== Try it ==
Nothing outside the range is wanted. Repeat exactly the lines below from the one with "a bedroom with a bed and two" through the one with "Red kayak island".

Items listed in a dataset
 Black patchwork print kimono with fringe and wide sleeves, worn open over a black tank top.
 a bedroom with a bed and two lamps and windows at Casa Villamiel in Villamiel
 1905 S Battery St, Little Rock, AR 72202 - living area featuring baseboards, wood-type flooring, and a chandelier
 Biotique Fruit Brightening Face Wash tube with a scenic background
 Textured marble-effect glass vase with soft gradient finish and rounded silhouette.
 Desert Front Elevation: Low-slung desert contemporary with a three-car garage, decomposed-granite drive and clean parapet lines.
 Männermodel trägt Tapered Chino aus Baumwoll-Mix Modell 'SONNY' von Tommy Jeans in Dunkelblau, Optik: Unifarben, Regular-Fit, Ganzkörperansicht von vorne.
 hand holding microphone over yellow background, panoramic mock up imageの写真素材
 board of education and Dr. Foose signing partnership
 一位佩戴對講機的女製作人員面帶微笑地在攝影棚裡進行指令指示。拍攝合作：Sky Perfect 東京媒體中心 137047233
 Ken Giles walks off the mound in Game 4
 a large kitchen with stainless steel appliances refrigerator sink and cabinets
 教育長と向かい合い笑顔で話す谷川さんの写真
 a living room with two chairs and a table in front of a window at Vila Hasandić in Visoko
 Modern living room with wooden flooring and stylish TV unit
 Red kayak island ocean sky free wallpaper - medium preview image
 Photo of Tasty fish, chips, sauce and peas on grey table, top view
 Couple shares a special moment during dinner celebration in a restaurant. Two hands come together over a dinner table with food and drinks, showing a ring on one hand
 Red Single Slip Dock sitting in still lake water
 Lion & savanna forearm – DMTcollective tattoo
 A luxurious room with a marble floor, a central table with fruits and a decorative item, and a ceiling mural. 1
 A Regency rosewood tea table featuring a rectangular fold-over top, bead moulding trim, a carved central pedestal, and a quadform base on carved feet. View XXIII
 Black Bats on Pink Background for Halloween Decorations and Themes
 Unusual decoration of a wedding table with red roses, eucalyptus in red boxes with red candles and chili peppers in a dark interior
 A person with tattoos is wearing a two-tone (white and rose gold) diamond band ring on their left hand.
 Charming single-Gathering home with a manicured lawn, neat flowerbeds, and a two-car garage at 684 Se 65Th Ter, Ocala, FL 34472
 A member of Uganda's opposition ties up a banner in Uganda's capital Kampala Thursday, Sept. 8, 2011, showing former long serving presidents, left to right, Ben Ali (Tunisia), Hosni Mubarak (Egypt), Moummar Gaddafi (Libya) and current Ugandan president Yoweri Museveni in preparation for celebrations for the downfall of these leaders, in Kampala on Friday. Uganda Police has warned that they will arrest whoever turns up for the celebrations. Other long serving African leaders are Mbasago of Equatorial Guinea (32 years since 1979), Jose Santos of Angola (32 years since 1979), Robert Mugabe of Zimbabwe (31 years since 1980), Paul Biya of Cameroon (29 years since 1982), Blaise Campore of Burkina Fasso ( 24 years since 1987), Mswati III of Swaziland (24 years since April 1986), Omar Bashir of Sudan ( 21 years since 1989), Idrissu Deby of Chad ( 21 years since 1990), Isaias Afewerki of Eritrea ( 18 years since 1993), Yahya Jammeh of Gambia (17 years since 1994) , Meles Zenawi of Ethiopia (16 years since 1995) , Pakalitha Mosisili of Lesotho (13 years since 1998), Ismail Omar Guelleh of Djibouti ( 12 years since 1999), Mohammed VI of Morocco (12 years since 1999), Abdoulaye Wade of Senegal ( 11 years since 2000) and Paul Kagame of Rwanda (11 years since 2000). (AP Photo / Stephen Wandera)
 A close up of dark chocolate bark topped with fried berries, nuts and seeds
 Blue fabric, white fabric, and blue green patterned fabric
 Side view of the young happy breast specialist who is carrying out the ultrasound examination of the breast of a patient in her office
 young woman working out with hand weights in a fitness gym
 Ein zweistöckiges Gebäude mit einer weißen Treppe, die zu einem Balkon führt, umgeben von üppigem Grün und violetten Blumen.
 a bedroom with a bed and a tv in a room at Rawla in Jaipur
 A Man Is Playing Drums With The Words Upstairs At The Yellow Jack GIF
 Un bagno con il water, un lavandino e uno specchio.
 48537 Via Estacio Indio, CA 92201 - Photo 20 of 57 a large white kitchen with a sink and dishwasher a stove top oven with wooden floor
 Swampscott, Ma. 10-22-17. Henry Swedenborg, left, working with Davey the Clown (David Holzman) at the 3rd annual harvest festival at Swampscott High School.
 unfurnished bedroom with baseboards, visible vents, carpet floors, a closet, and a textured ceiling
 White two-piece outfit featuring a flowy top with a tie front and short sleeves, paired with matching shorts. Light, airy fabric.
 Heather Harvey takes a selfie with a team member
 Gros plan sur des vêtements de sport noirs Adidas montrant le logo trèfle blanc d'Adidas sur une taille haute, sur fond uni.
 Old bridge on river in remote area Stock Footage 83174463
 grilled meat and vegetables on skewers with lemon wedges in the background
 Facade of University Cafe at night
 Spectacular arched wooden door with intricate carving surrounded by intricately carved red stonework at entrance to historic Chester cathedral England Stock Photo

== Finished task ==
 a bedroom with a bed and two lamps and windows at Casa Villamiel in Villamiel
 1905 S Battery St, Little Rock, AR 72202 - living area featuring baseboards, wood-type flooring, and a chandelier
 Biotique Fruit Brightening Face Wash tube with a scenic background
 Textured marble-effect glass vase with soft gradient finish and rounded silhouette.
 Desert Front Elevation: Low-slung desert contemporary with a three-car garage, decomposed-granite drive and clean parapet lines.
 Männermodel trägt Tapered Chino aus Baumwoll-Mix Modell 'SONNY' von Tommy Jeans in Dunkelblau, Optik: Unifarben, Regular-Fit, Ganzkörperansicht von vorne.
 hand holding microphone over yellow background, panoramic mock up imageの写真素材
 board of education and Dr. Foose signing partnership
 一位佩戴對講機的女製作人員面帶微笑地在攝影棚裡進行指令指示。拍攝合作：Sky Perfect 東京媒體中心 137047233
 Ken Giles walks off the mound in Game 4
 a large kitchen with stainless steel appliances refrigerator sink and cabinets
 教育長と向かい合い笑顔で話す谷川さんの写真
 a living room with two chairs and a table in front of a window at Vila Hasandić in Visoko
 Modern living room with wooden flooring and stylish TV unit
 Red kayak island ocean sky free wallpaper - medium preview image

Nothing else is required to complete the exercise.